- NTT Data and AWS' expanded partnership is focused on the growing cost and complexity of scaling AI
- Priorities include eliminating data siloes and ensuring AI can scale without blowing the budget
- Overcoming these hurdles could unlock billions of dollars in additional agentic AI growth
AI is supposed to make life easier for enterprises, but getting the tech off the ground is proving harder – and more expensive – than hoped. That’s why NTT Data and AWS are stepping in, expanding their longstanding collaboration to solve two key hurdles enterprises face in deploying AI at scale: data and dollars.
Shashi Gupta, managing director and global head AWS capability lead for Cloud and Security at NTT Data, told Fierce data siloes remain a critical roadblock to successful AI implementation.

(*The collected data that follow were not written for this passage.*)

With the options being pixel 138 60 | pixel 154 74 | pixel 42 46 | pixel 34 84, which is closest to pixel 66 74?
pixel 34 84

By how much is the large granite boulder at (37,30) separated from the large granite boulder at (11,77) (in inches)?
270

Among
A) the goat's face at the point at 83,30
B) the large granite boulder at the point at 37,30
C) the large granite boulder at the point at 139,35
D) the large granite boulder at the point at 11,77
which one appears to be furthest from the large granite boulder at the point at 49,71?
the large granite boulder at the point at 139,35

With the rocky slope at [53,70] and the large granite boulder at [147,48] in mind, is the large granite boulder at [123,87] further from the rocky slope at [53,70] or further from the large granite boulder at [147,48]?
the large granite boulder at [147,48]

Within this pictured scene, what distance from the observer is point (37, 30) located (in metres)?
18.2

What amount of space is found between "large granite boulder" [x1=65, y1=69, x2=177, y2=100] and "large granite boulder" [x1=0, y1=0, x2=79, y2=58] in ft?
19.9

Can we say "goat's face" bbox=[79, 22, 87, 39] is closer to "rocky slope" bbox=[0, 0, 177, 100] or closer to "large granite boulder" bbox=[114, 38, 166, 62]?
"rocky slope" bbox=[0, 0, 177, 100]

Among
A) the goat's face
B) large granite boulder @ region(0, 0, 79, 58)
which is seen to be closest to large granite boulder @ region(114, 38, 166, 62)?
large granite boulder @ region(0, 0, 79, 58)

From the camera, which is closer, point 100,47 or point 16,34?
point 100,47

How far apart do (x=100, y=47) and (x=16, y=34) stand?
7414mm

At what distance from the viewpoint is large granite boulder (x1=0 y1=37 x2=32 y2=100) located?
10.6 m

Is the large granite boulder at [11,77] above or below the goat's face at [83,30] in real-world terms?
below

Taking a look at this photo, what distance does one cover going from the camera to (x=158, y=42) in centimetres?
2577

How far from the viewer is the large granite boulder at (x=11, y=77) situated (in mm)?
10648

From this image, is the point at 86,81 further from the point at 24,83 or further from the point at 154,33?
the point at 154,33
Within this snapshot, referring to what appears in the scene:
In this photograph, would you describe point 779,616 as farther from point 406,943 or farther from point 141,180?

Take a financial services company as an example. In a typical trade transaction lifecycle, Gupta said there are “a hundred applications that come into the picture.” The problem is that the data for each of these is segmented, and these segments are not connected well in today’s world.

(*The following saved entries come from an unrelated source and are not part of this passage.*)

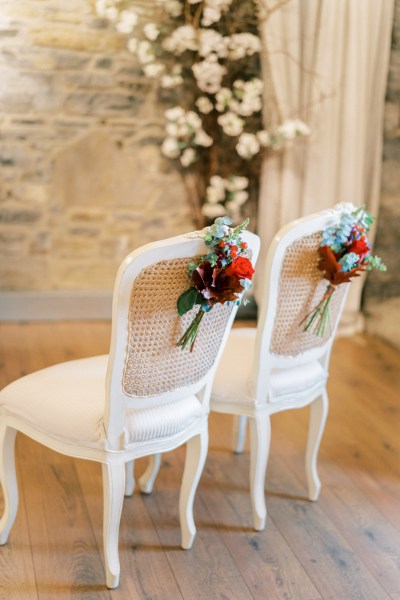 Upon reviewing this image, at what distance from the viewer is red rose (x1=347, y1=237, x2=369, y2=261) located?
2.62m

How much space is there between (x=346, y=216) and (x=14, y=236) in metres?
2.68

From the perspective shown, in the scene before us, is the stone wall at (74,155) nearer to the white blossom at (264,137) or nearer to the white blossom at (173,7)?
the white blossom at (173,7)

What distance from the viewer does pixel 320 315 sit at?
275cm

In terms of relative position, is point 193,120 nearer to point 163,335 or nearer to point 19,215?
point 19,215

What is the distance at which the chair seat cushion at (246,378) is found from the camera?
2.74 metres

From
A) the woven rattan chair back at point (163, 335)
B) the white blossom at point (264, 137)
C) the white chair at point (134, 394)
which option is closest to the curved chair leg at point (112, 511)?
the white chair at point (134, 394)

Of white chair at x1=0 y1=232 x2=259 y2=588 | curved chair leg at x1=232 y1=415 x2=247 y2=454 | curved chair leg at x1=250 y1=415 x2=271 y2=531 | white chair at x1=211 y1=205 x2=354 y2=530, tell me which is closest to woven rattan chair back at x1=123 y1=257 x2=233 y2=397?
white chair at x1=0 y1=232 x2=259 y2=588

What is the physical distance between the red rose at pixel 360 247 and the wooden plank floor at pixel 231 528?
37.9 inches

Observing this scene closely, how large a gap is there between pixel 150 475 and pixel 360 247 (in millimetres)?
1127

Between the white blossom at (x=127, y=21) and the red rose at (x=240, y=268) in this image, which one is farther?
the white blossom at (x=127, y=21)

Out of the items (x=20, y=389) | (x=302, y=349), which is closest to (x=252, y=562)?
(x=302, y=349)

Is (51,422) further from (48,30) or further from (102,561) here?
(48,30)

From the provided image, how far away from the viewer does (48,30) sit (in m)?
4.54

“That’s where the layer between the user and the multiple data [sources] becomes an important part,” he said. “What we are doing with AWS here is creating the right layer for our customers to use the right taxonomy to pull their data and get the right insights from that.”
Getting this data layer right, he added, also has implications for enterprises’ ability to train specialized small language models and tap into the innovation those can provide.
But data is only one part of the AI equation for enterprises. There’s also the pesky issue of money, balancing AI costs with revenue generation. That’s the “return on investment” everyone is hunting for.
“What gets harder as systems scale that people don’t really expect is that it’s not just [about] the technology,” Gupta said. The technology can be there, but if it doesn’t deliver on the complex outcomes a business wants then it’s no good.
The other problem is that there’s a price tag involved with taking a pilot to production scale.
“The other challenge that the industry is facing today is with agentic, the pilots and the experiments are super successful, but when it goes to production, it gets too expensive, it gets too unpredictable,” he said. “What’s important for us is to focus on not just the architecture but the adoption.”
FinOps, he added, has to be part of the discussion from Day 1.
That’s where AWS’ Process-to-Agent (P2A) framework for converting traditional business workflows into agentic AI systems comes into play. As AWS exec Chandra Pinapala noted on LinkedIn, P2A spans “process discovery, business reimagination, systems integration, governance frameworks [and] change management.”
Why do collaborations like the one between NTT Data and AWS matter?
Because while the global agentic AI market could grow from $8.5 billion this year to $35 billion by 2030, Deloitte said the latter number has the potential to reach $45 billion. But that’ll happen “only if enterprises and providers perform proper orchestration” of AI agents.